Closely tied to problem-solving skills is imagination. You need imagination and creativity in order to anticipate potential problems and foresee them before they can occur. Environmental engineers also often need to develop processes and innovations that are often a part of a larger whole. They need the imagination to envision how their design will fit in with the whole and all the other parts of the system.
Since environmental engineering involves working with other professionals, public administrators, lawyers, mechanics and technicians to see projects to their completion, good communication skills are essential. It is evident why interpersonal skills are essential for environmental engineers.

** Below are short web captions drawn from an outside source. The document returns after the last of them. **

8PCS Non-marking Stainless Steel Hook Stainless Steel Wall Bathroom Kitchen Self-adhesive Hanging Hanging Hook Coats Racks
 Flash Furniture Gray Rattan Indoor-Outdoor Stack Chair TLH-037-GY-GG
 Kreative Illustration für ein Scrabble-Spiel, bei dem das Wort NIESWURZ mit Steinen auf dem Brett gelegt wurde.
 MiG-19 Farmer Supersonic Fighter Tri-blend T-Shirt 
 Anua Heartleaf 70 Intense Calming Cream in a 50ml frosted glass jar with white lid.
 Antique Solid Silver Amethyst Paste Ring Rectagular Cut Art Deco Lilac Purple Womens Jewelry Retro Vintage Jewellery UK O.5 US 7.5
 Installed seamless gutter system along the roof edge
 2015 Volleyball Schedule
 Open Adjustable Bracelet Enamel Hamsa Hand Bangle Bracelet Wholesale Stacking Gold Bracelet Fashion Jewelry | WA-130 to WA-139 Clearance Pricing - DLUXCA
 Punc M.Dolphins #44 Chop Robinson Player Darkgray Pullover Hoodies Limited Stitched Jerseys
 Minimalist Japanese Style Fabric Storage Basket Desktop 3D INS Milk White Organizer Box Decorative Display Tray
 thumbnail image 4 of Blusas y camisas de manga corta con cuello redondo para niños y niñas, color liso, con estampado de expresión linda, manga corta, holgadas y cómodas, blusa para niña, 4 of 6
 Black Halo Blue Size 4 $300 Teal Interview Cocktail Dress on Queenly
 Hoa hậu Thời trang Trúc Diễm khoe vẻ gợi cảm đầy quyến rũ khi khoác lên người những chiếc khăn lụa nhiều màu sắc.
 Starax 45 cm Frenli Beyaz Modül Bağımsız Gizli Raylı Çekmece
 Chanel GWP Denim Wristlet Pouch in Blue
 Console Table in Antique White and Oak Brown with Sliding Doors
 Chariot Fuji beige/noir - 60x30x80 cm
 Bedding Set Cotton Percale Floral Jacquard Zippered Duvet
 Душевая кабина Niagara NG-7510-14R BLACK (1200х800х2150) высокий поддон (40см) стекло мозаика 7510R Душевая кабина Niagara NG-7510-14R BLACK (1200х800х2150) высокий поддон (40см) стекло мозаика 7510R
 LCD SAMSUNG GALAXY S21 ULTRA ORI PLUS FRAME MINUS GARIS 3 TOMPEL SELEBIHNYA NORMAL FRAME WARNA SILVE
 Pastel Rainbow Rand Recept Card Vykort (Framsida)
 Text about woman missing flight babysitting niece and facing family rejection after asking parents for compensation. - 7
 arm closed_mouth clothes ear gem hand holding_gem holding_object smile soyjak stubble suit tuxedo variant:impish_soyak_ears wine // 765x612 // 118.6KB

Reading & Comprehension Skills
In the course of your work as an environmental engineer, you’re likely to find yourself having to read documents on subjects that you may be unfamiliar with. This can include legal documents, scientific papers in areas outside your immediate discipline, business documents that go beyond your training etc. In order to read and comprehend these documents, you need good reading and comprehension skills.
Of course, writing skills are just as important as reading, comprehension, and communication. As an environmental engineer, you will need to draw up documents and reports, proposals, plans etc.
Before you decide on your career path in this field, figure out whether it is a field that matches your personality. For example, if you prefer to work alone rather than in a team, you may find an alternative career as an environmental research scientist more suitable.
If you are unable to obtain a bachelor’s degree, you can still work in the field as an environmental engineering technician with an associate’s degree.